Albert Cahalan <[email protected]> writes:

> > if (task->tty) {
> > tty_pgrp = task->tty->pgrp;
> > tty_nr = new_encode_dev(tty_devnum(task->tty));
> > }
> >
> > Some place doesn't take the any lock for ->tty.
> > I think we need to take the lock for ->tty.
>
> Probably this isn't the thing for 2.6.xx,

Ah, sorry for confusing. This is 2.6.x (maybe also 2.4.x).

e.g. the above take the task_lock(). But disassociate_ctty() just take
read_lock(&tasklist_lock), etc. etc. So looks like racy.
--
OGAWA Hirofumi <[email protected]>

2004-03-29 17:16:28

by Ricky Beam

[permalink] [raw]
Subject: Re: Subject: Re: NULL pointer in proc_pid_stat -- oops.

On Mon, 29 Mar 2004, OGAWA Hirofumi wrote:
>> > if (task->tty) {
>> > tty_pgrp = task->tty->pgrp;
>> > tty_nr = new_encode_dev(tty_devnum(task->tty));
>> > }
>> >
>> > Some place doesn't take the any lock for ->tty.
>> > I think we need to take the lock for ->tty.
>>
>> Probably this isn't the thing for 2.6.xx,
>
>Ah, sorry for confusing. This is 2.6.x (maybe also 2.4.x).
>
>e.g. the above take the task_lock(). But disassociate_ctty() just take
>read_lock(&tasklist_lock), etc. etc. So looks like racy.

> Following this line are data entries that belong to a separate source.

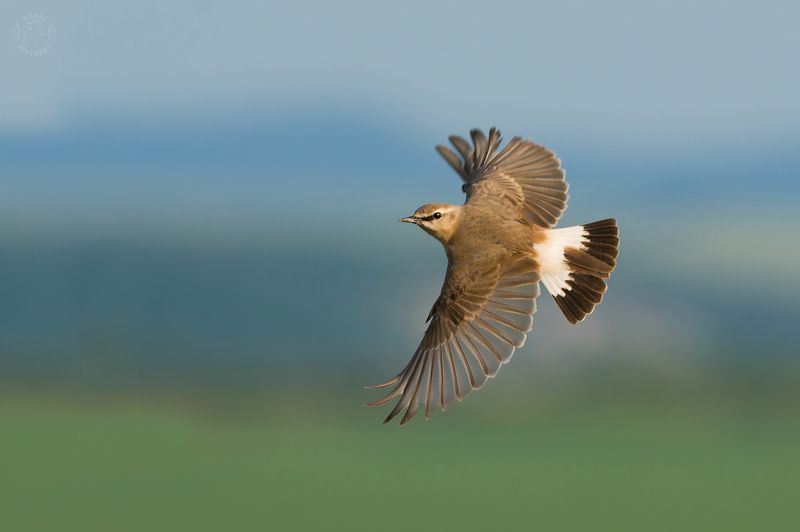 Птица на ветке - Lens and Feathers фото превью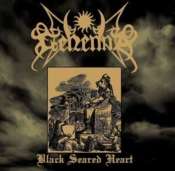 Capa do artigo Black Seared Heart - CD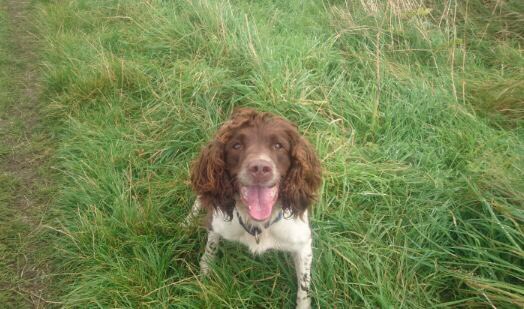 KazCameron's tweet image. "@polscotdogs: Amazing job by #PDRexi recovering £21k of drugs! # #KeepingPeopleSafe #PoliceDogs https://t.co/hBIFMT05ur" extra treats pse!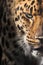 Half of the muzzle of the Far Eastern, Amur leopard sunlit plan full-length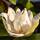 Immergrüne Magnolie Little Gem 100-125cm im C7,5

Yes, there is a race condition. I never chased it back to the specifics.
I just did this:
===== tty.h 1.23 vs 1.24 =====
--- 1.23/include/linux/tty.h Wed Sep 24 02:15:15 2003
+++ 1.24/include/linux/tty.h Wed Feb 11 18:29:20 2004
@@ -404,7 +404,16 @@

static inline dev_t tty_devnum(struct tty_struct *tty)
{
- return MKDEV(tty->driver->major, tty->driver->minor_start) + tty->index;
+ int ret = 0;
+
+ if(!tty) {
+ printk(KERN_CRIT "tty_devnum(): NULL tty (%p)\n", tty);
+ } else if(!tty->driver) {
+ printk(KERN_CRIT "tty_devnum(): NULL tty->driver (%p)\n", tty->d
river);
+ } else
+ ret = MKDEV(tty->driver->major, tty->driver->minor_start) + tty->index;
+
+ return ret;
}

#endif /* __KERNEL__ */

We were seeing this with some application(s) that called the java keytool
a bit too often. (We moved the calls to directly calling the keytool
classes.)

"Works for me" :-)

--Ricky